Start of EXERCISE MATERIAL
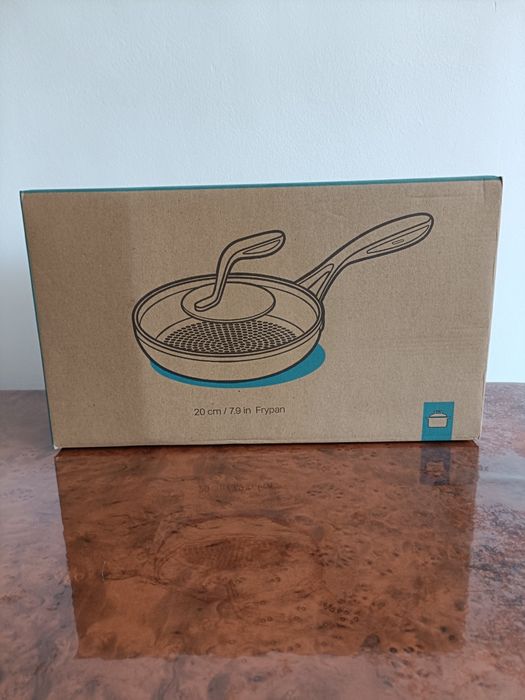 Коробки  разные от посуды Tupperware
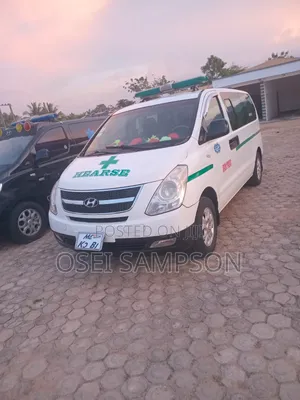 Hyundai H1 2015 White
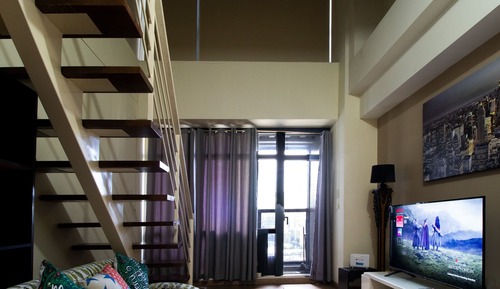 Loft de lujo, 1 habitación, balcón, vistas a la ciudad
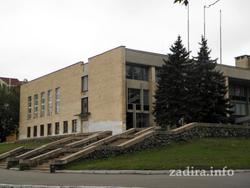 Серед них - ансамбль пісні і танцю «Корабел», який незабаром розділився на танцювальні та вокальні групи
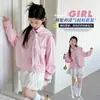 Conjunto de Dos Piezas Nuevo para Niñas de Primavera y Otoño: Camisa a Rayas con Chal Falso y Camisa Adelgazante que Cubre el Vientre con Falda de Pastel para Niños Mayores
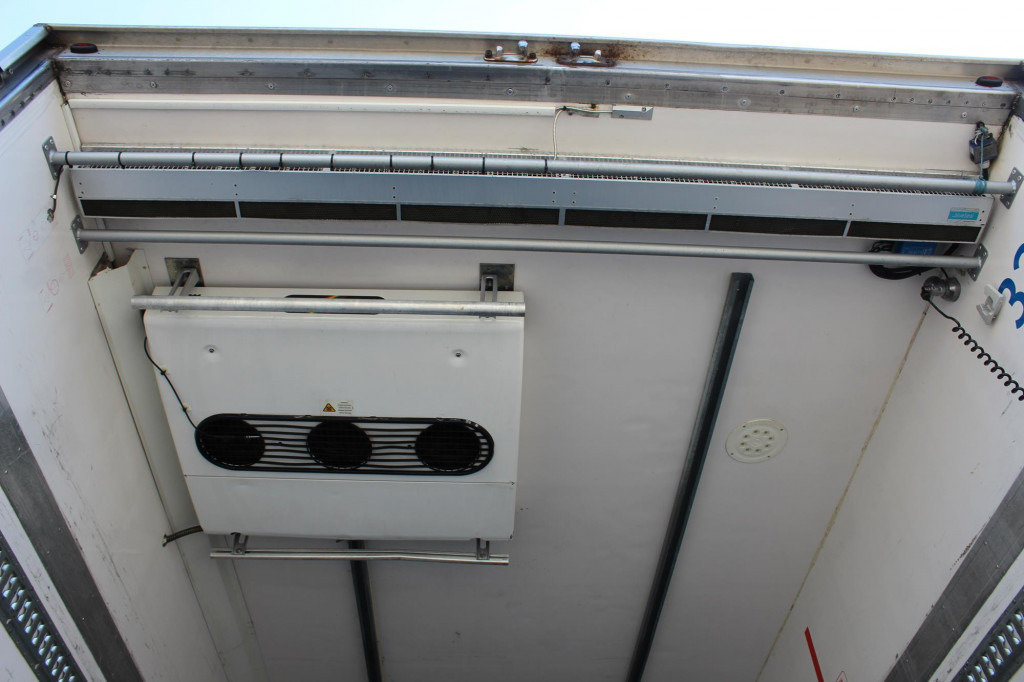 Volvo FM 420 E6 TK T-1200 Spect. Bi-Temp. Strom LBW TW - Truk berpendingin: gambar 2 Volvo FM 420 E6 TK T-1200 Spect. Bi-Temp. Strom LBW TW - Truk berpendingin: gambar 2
End of EXERCISE MATERIAL
Start of EXERCISE MATERIAL
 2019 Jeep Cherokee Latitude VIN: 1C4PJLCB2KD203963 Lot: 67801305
End of EXERCISE MATERIAL
Start of EXERCISE MATERIAL
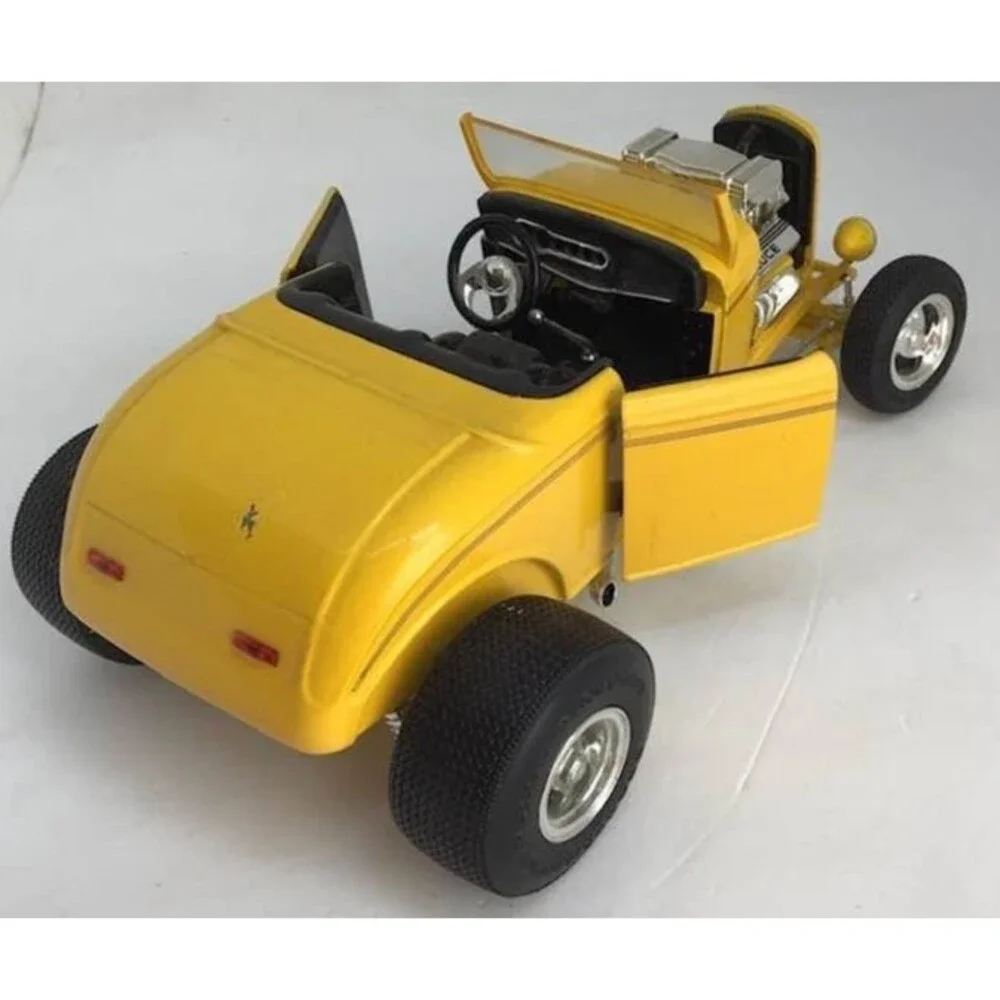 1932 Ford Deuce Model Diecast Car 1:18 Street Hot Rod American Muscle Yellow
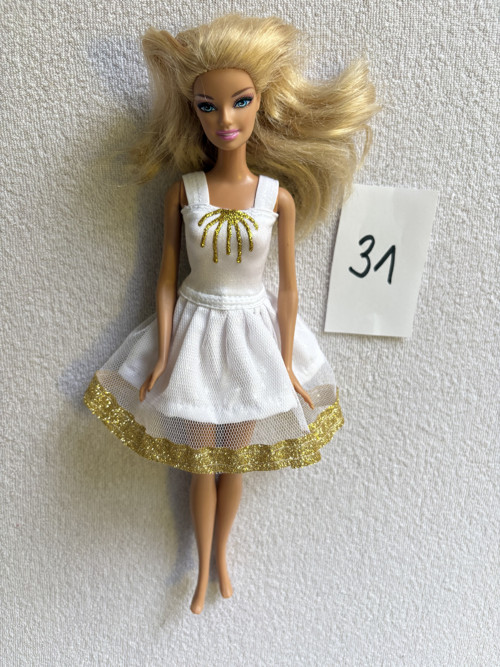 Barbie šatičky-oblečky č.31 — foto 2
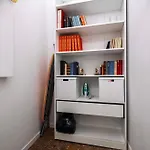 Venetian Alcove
End of EXERCISE MATERIAL
### YOUR TASK:
What is needed is an exact copy of the lines above, from the one holding "от посуды Tupperware" down to the one holding "gambar 2 Volvo", with those two included and the pictures left out.

### WRITTEN ANSWER:
 Коробки  разные от посуды Tupperware
 Hyundai H1 2015 White
 Loft de lujo, 1 habitación, balcón, vistas a la ciudad
 Серед них - ансамбль пісні і танцю «Корабел», який незабаром розділився на танцювальні та вокальні групи
 Conjunto de Dos Piezas Nuevo para Niñas de Primavera y Otoño: Camisa a Rayas con Chal Falso y Camisa Adelgazante que Cubre el Vientre con Falda de Pastel para Niños Mayores
 Volvo FM 420 E6 TK T-1200 Spect. Bi-Temp. Strom LBW TW - Truk berpendingin: gambar 2 Volvo FM 420 E6 TK T-1200 Spect. Bi-Temp. Strom LBW TW - Truk berpendingin: gambar 2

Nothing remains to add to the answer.